Rochester East Gate, 1969. By A. C. Harrison, B.A., F.S.A.

It has survived in remote areas of Scandinavia to this day and there are excellent illustrations of one in operation on pages 46 and 47 of Marta Hoffmann's 'The Warp-weighted Loom'.29 It seems to have continued in common use until the early medieval period when the horizontal loom with treadles generally took its place. (There is a representation of a horizontal loom in a stained-glass window of thirteenth-century date in Chartres Cathedral.30)
   The contents of Kiln A consisted of thirty-three bun-shaped clay weights averaging 3 lb. each, together with 21 lb. of fragments, probably therefore representing an original batch of forty. They averaged 5¾ in. in diameter and the central holes were small, with an average diameter of 1 in. Each had a groove running from the central hole to the outer edge to accommodate the looped cord to which the threads were attached. Clay loom-weights have been dated according to the size of the central hole—the annular being the earliest and dating from the seventh century, the intermediate taking its place in the eighth and the bun-shaped coming into use during the ninth.31 The present discovery, therefore, with its associated pottery (Groups I and II) both confirms the late dating of the bun-shaped type and establishes that it was still in use in Rochester during the first half of the twelfth century.

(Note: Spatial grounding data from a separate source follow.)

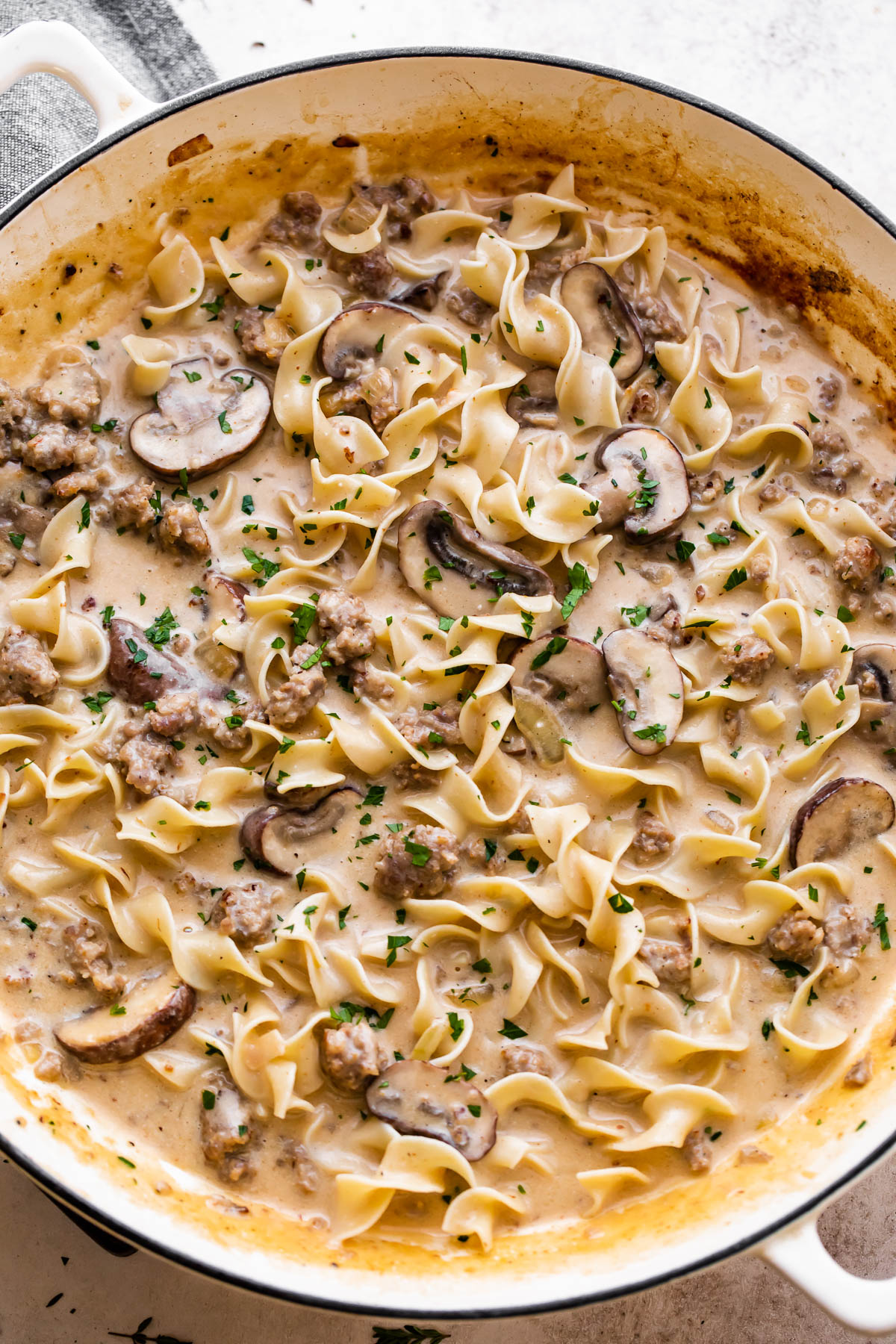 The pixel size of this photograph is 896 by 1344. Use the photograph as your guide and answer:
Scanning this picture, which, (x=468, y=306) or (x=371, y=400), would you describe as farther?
(x=468, y=306)

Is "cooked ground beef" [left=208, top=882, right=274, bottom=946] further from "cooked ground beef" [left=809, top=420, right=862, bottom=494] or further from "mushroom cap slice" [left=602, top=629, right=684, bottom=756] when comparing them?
"cooked ground beef" [left=809, top=420, right=862, bottom=494]

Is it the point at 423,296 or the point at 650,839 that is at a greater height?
Answer: the point at 423,296

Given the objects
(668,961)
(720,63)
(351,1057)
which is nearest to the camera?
(351,1057)

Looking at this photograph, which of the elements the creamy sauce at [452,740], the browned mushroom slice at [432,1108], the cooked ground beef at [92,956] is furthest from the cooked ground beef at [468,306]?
the browned mushroom slice at [432,1108]

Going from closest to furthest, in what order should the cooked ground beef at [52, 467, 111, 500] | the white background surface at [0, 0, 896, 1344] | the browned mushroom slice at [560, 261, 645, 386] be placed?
the cooked ground beef at [52, 467, 111, 500] < the white background surface at [0, 0, 896, 1344] < the browned mushroom slice at [560, 261, 645, 386]

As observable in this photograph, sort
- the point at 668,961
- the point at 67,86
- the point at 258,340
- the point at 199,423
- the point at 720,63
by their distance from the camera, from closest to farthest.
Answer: the point at 668,961
the point at 199,423
the point at 258,340
the point at 67,86
the point at 720,63

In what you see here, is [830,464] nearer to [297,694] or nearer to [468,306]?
[468,306]

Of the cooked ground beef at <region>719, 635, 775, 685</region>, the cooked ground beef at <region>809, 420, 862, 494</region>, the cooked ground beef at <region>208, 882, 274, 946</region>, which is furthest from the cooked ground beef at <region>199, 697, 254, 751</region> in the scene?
the cooked ground beef at <region>809, 420, 862, 494</region>

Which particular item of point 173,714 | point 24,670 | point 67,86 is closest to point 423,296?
point 67,86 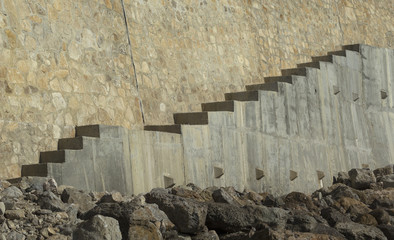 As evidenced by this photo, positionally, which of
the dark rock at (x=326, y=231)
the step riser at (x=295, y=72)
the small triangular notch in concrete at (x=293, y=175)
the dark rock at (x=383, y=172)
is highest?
the step riser at (x=295, y=72)

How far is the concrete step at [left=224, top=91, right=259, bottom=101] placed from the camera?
13.7 metres

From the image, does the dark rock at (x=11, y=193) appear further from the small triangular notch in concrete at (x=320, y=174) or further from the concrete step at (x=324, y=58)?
the concrete step at (x=324, y=58)

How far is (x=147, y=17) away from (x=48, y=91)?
294cm

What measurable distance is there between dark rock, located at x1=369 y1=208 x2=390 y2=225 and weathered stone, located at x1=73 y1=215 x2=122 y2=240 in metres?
4.46

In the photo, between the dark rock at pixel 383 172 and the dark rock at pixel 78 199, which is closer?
the dark rock at pixel 78 199

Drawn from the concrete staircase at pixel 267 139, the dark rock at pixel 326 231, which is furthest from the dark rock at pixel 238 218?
the concrete staircase at pixel 267 139

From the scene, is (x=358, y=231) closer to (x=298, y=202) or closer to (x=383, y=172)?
(x=298, y=202)

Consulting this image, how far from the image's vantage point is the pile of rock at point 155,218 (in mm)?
7113

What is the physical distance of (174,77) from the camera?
13.1 metres

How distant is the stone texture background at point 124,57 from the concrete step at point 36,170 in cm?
10

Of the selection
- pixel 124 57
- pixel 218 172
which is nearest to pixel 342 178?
pixel 218 172

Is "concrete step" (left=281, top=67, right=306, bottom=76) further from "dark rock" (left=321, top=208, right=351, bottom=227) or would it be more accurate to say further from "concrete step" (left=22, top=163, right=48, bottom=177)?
"concrete step" (left=22, top=163, right=48, bottom=177)

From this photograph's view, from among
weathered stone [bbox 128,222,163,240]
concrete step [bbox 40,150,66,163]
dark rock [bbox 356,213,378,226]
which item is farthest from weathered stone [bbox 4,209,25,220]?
dark rock [bbox 356,213,378,226]

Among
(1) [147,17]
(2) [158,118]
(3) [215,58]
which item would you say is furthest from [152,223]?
(3) [215,58]
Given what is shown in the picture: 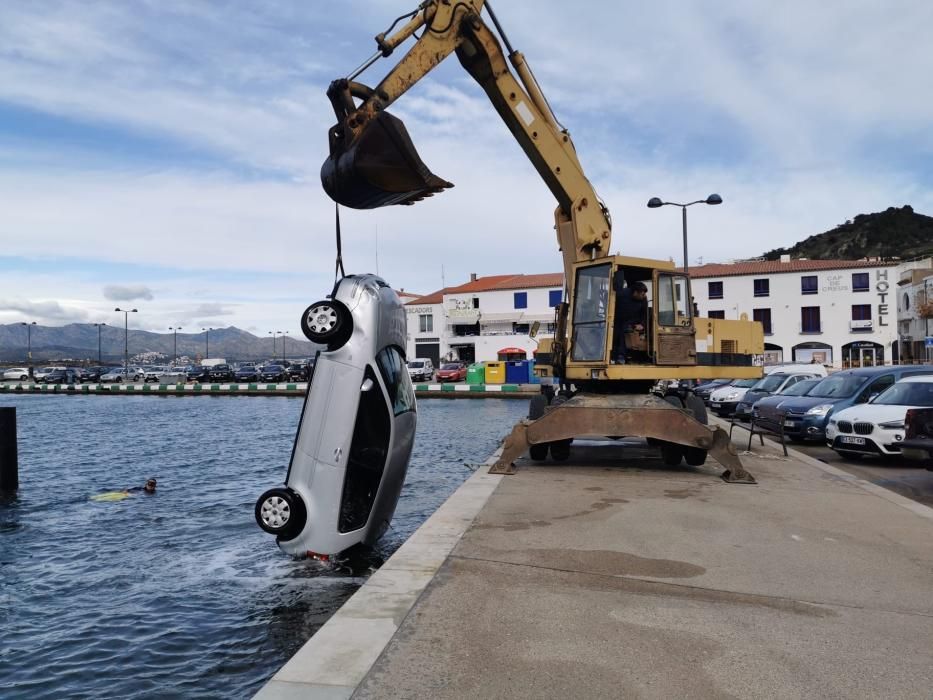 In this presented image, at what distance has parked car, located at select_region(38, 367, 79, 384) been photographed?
220 feet

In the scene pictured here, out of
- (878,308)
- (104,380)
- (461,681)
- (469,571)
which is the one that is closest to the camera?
(461,681)

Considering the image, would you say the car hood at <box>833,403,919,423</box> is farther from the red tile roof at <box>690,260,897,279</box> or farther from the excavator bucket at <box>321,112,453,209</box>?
the red tile roof at <box>690,260,897,279</box>

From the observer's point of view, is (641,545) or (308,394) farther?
(308,394)

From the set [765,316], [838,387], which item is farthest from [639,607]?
[765,316]

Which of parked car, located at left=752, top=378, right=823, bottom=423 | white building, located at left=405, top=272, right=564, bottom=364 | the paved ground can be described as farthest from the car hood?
white building, located at left=405, top=272, right=564, bottom=364

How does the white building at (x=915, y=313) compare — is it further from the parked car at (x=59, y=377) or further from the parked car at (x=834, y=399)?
the parked car at (x=59, y=377)

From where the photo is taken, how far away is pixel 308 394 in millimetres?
7344

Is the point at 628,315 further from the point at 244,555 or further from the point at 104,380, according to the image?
the point at 104,380

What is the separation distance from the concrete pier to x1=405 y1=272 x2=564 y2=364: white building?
57406mm

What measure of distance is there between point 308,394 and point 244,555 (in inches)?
94.2

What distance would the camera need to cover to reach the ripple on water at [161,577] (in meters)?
5.50

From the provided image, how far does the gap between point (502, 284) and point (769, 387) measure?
49.0 metres

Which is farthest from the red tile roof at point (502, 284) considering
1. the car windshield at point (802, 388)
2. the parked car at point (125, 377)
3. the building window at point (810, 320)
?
the car windshield at point (802, 388)

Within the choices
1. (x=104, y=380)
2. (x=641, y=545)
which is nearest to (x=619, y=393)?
(x=641, y=545) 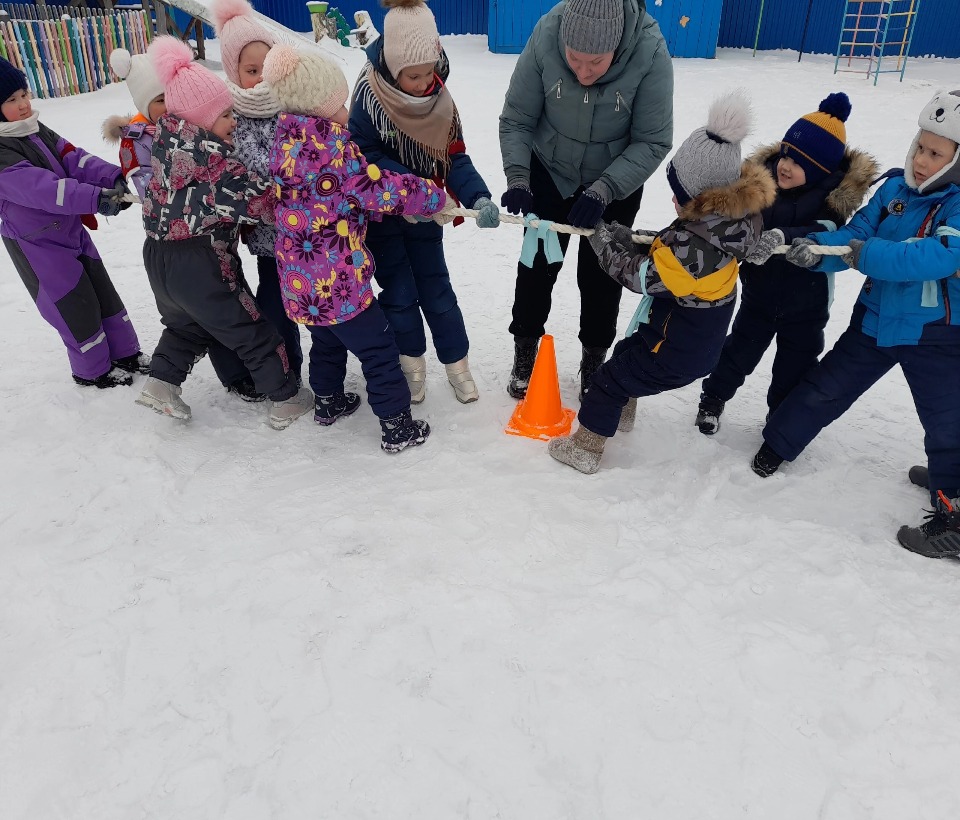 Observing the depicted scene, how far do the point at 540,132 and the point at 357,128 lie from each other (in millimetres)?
879

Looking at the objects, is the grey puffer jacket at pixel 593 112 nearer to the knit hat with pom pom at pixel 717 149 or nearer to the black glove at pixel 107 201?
the knit hat with pom pom at pixel 717 149

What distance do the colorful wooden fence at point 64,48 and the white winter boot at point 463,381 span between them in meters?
10.6

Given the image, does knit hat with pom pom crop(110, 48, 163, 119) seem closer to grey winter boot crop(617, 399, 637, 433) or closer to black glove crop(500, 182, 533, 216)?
black glove crop(500, 182, 533, 216)

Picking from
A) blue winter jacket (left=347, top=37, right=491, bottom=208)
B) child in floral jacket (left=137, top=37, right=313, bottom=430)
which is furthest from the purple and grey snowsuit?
blue winter jacket (left=347, top=37, right=491, bottom=208)

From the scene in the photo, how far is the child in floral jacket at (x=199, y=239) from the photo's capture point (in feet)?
8.98

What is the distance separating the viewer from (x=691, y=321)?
9.10 feet

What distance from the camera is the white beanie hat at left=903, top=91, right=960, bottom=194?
2.36 m

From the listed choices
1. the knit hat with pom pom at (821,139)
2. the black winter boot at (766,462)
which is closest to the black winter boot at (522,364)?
the black winter boot at (766,462)

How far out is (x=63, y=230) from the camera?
3.42 meters

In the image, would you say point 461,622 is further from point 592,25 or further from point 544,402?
point 592,25

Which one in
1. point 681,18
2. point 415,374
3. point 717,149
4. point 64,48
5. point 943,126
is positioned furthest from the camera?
point 681,18

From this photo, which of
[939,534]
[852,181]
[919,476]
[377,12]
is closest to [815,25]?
[377,12]

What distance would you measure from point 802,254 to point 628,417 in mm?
1176

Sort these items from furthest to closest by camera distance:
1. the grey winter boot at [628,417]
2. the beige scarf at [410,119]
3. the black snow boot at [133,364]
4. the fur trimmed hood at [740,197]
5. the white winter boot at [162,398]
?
the black snow boot at [133,364]
the grey winter boot at [628,417]
the white winter boot at [162,398]
the beige scarf at [410,119]
the fur trimmed hood at [740,197] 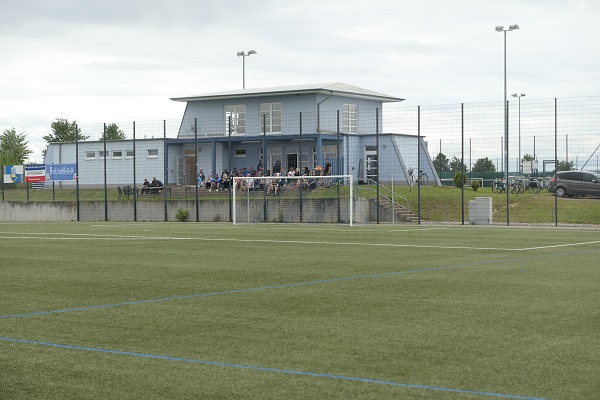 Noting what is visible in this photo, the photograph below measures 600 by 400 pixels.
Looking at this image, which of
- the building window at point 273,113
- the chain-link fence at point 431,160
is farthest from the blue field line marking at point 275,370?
the building window at point 273,113

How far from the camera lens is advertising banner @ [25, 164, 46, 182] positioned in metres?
43.0

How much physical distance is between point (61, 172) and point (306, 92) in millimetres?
17059

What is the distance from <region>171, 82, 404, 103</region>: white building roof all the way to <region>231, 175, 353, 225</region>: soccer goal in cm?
1750


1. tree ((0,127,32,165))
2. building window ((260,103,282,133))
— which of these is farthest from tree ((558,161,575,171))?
tree ((0,127,32,165))

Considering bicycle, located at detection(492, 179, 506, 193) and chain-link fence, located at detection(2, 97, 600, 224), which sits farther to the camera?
bicycle, located at detection(492, 179, 506, 193)

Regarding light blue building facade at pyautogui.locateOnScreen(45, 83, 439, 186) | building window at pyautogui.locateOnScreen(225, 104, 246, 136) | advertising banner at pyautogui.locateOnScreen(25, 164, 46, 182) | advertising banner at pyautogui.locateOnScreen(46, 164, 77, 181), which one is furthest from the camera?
building window at pyautogui.locateOnScreen(225, 104, 246, 136)

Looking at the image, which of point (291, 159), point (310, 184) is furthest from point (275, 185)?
point (291, 159)

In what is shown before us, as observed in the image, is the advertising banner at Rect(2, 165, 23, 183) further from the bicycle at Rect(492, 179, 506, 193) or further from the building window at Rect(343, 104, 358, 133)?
the bicycle at Rect(492, 179, 506, 193)

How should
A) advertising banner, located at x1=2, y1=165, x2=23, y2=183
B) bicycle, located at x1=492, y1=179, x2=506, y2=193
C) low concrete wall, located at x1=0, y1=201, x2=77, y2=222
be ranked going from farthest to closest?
1. advertising banner, located at x1=2, y1=165, x2=23, y2=183
2. low concrete wall, located at x1=0, y1=201, x2=77, y2=222
3. bicycle, located at x1=492, y1=179, x2=506, y2=193

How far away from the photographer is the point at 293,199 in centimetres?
3431

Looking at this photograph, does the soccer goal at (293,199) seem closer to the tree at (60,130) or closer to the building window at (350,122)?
the building window at (350,122)

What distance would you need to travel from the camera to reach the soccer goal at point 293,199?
33.2m

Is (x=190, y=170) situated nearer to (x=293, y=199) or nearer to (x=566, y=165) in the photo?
(x=293, y=199)

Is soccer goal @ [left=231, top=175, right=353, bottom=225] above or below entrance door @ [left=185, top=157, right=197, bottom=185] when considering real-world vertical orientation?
below
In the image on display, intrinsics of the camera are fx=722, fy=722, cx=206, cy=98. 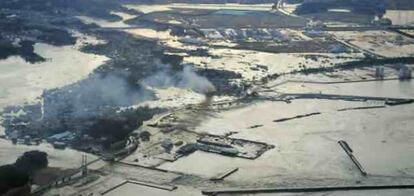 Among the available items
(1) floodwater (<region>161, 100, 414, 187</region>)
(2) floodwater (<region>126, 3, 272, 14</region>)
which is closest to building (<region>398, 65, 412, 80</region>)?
(1) floodwater (<region>161, 100, 414, 187</region>)

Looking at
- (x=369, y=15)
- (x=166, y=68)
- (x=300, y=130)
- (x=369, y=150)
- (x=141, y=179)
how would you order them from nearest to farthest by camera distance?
(x=141, y=179), (x=369, y=150), (x=300, y=130), (x=166, y=68), (x=369, y=15)

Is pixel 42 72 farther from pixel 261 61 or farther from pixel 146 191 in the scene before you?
pixel 146 191

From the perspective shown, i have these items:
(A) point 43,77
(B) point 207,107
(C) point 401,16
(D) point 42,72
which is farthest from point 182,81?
(C) point 401,16

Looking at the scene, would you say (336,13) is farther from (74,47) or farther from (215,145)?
(215,145)

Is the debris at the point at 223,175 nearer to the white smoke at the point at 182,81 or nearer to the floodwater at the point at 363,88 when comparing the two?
the white smoke at the point at 182,81

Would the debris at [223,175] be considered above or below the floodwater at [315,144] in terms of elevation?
below

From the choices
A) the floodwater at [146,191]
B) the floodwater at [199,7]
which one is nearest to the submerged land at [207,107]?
the floodwater at [146,191]

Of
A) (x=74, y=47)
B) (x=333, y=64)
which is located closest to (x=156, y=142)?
(x=333, y=64) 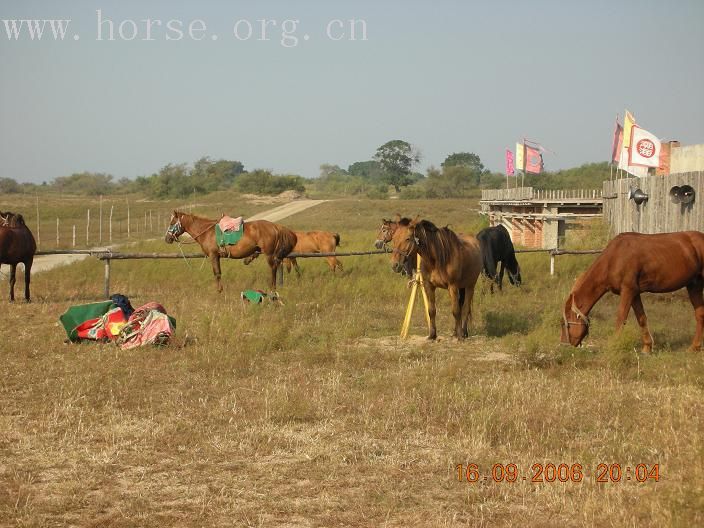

   (b) Equal-armed cross.32 The cross, which is from Pit M2 and was associated with the pottery of Group VIII, is of iron which had been given a thin coating of bronze and measures 1½ in.
X 1½ in., with a central countersunk hole and a flange at the end of one arm pierced by an iron rivet (Fig. 20, no. 13(a)). While no exact parallel has been found, it has similarities with the cruciform harness fittings used for the attachment of heraldic pendants or bells to the horses' peytrel or to the brow-strap.33 It is suggested, therefore, that the cross was secured to a strap of equal width by a pin passing through the central hole and secured by a washer at the back of the strap. The projecting flange would thus overlap the edge of the strap and prevent the fitting from rotating. The iron rivet through the flange secured an iron ring (traces of which remain), from which the heraldic pendant or bell was suspended. Fig. 20, no. 13(b) shows how this could have been done.
   It seems very probable that the saltire decoration can be referred to St. Andrew's Priory and that the central pin bore a scallop shell to

 
29  Studia Norwegica, no. 14, Universitetsforlaget, 1964.
   30  P. Brandt, Schaffende Arbeit u. bildende Kunst, Leipzig, 1927, 1, fig. 441.
   31  C.B.A. Research Report 4, G. C. Dunning, J. G. Hurst, J. N. L. Myres and F. Tischler, Anglo-Saxon Pottery: A Symposium, London, 1959, 23-5.
   32  For the suggestions made in this note, I am greatly indebted to Mr, P. J. Tester, F.S.A. 
  
33  Medieval Catalogue, London Museum Catalogues: No. 7, London, 1954, 119, fig. 39.